Türkiye ekonomisi, 2025 yılının üçüncü çeyreğinde yıllık bazda yüzde 3,7, mevsim ve takvim etkilerinden arındırılmış olarak çeyreklik bazda yüzde 1,1 büyüdü. Böylece ilk dokuz aydaki yıllık büyüme yüzde 3,7 gerçekleşti. Yıllıklandırılmış milli gelirimiz 1,5 trilyon doları aştı.

Tarımın GSYH içindeki ağırlığının yüksek olduğu bu çeyrekte, zirai don ve kuraklığın etkisiyle daralan tarım katma değeri büyümeyi belirgin şekilde sınırlarken tarım dışı büyüme yıllık yüzde 5,6 oldu. Sanayi katma değeri yüzde 6,5 artarken, bu artışta özellikle yüksek teknolojili üretim öne çıktı. Deprem bölgesinin yeniden imarına yönelik çalışmaların katkısıyla inşaat sektöründeki güçlü büyüme sürdü.

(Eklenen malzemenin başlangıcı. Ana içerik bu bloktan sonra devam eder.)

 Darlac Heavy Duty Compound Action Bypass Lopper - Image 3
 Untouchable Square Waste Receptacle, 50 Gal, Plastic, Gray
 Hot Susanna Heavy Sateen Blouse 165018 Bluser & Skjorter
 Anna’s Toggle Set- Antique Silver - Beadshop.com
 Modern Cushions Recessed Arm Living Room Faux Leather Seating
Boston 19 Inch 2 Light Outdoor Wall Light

Tüketim ve yatırımlar yılın ilk yarısında olduğu gibi dengeli bir görünüm sergiledi. İnşaat yatırımlarındaki olumlu seyrin yanı sıra üretim kapasitemiz açısından kritik öneme olan makine ve teçhizat yatırımları yüzde 11,3 arttı. Bu dönemde küresel ticaretteki görece zayıf seyrin de etkisiyle net dış talep büyümeyi 1 puan sınırladı. Cari açığın milli gelire oranı ise yüzde 1,3 ile sürdürülebilir seviyelerde kalmaya devam etti.

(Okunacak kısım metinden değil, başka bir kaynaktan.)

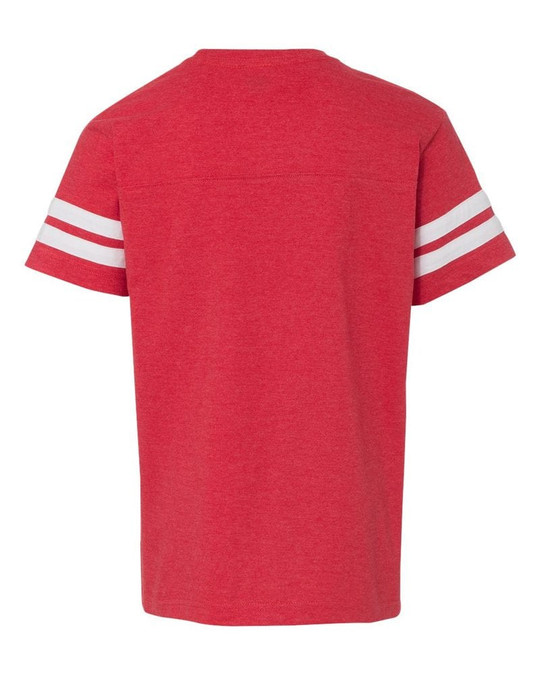 LAT 6137 - Remera de fútbol Vintage para jóvenes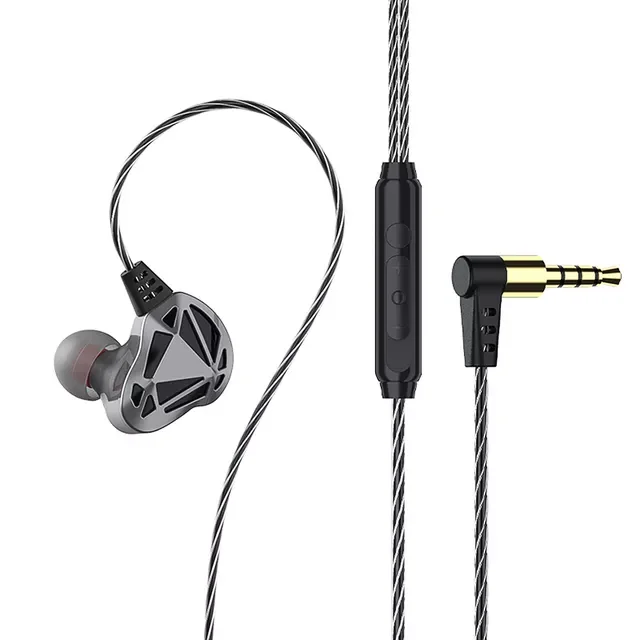 AK7 3.5mm Wired Headphones Musician HiFi Earphone Dual Drive Bass Stereo Headset Games Sports Earphones with Microphone
AK7 3.5mm Wired Headphones Musician HiFi Earphone Dual Drive Bass Stereo Headset Games Sports Earphones with Microphone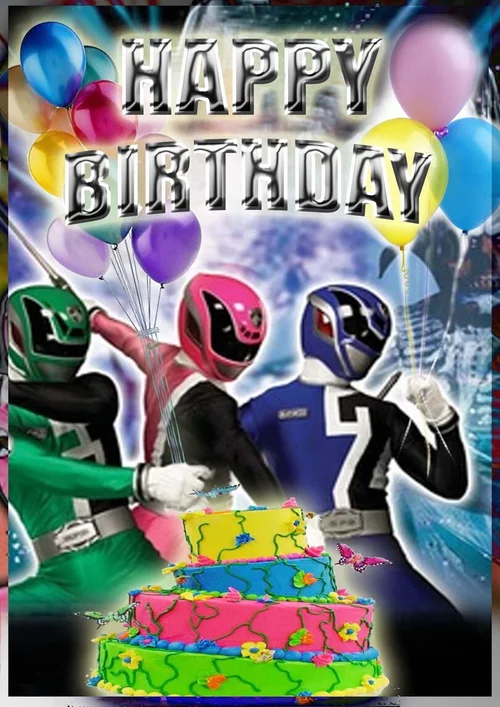 Power Rangers Printable Birthday Cards — PRINTBIRTHDAY.CARDS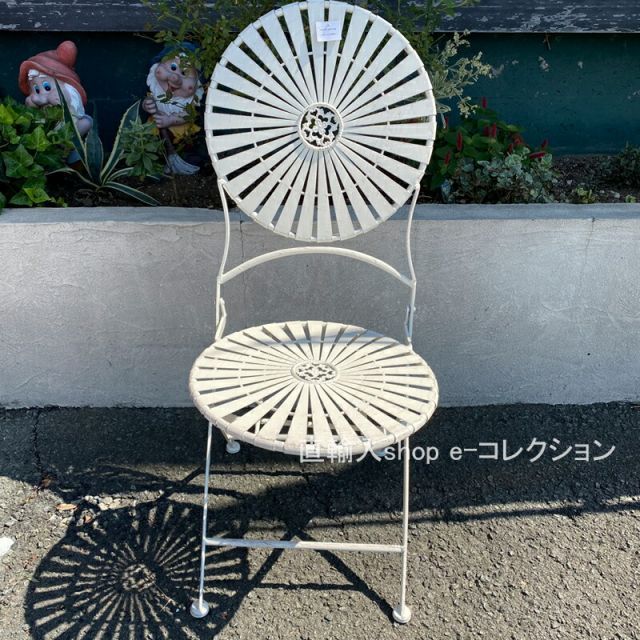 ☆秋のお買得セール中!☆ 直径cm ホワイトアイアン ガーデンテーブル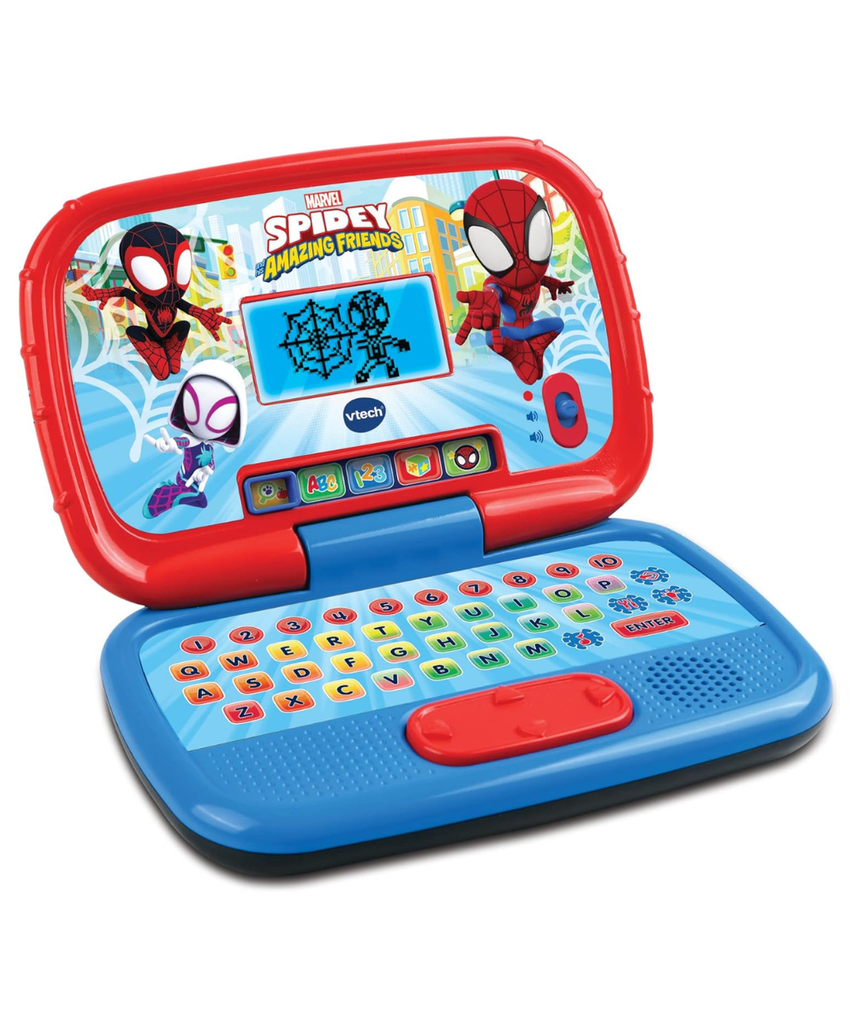 VTech Spidey & His Amazing Friends Learning Laptop – Multicolor Educational Toy for Letters, Words, Numbers & Logic Games, Ages 3+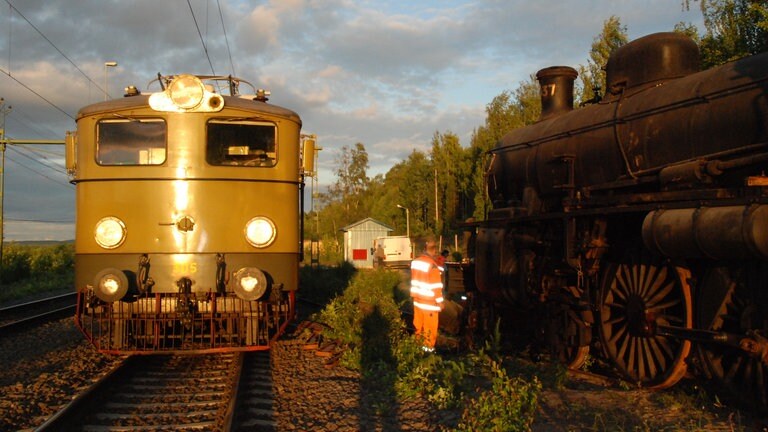Bergung der Loks in Sandträsk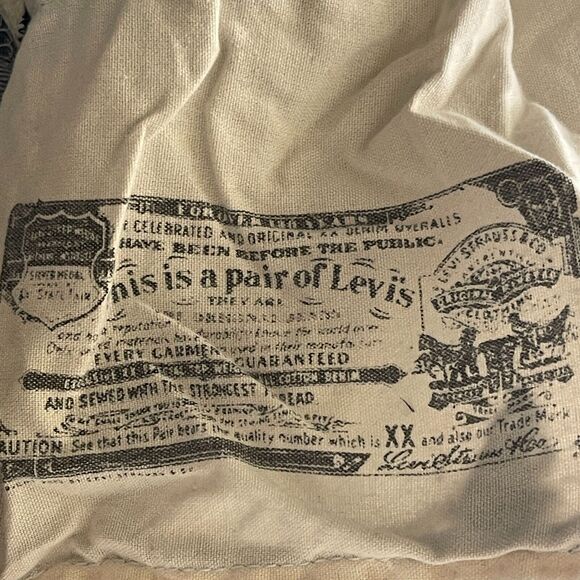 Levi's 501 Jeans Mens 36x30 Vtg Blue Denim Button Fly 100% Cotton Straight Leg - Picture 10 of 15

Büyümenin son çeyrekte ılımlı seyretmesini ve 2025 yılında Orta Vadeli Program'ın sınırlı üzerinde gerçekleşmesini öngörüyoruz. Daha elverişli finansal koşullar ve destekleyici küresel konjonktür sayesinde ekonomik aktivitedeki artışın 2026'da bu yıl olan daha olumlu bir döneme ulaşmasını bekliyoruz. Ayrıca, büyümenin enflasyondaki düşüşü desteklemeye devam edeceğini değerlendiriyoruz.

Dezenflasyon sürecini de olumsuz etkileyen kuraklık ve gıda krizi gibi arz yönlü şokların etkilerini azaltmak amacıyla; verimliliği artıracak, sulama altyapısını güçlendirecek ve tarımda yenilikçi teknolojilerin kullanımını sağlayacak çalışmalarımızı sürdürüyoruz. Özellikle enerji yoğun sektörlerde zayıf iç talep sürecini canlandırmak ve istihdamı korumak amacıyla reel sektöre yönelik desteklerimizi devam ediyoruz.

Fiyat istikrarını merkeze alan, sürdürülebilir yüksek büyüme ve kalıcı refah artışını hedefleyen programımızı kararlılıkla uyguluyoruz. Bu program sayesinde son iki yılda elde ettiğimiz kazanımları kalıcı hale getirerek ve ekonomide dönüşümü sağlayarak verimliliği ve rekabet gücünü artıracak yapısal reformları hayata geçiriyoruz.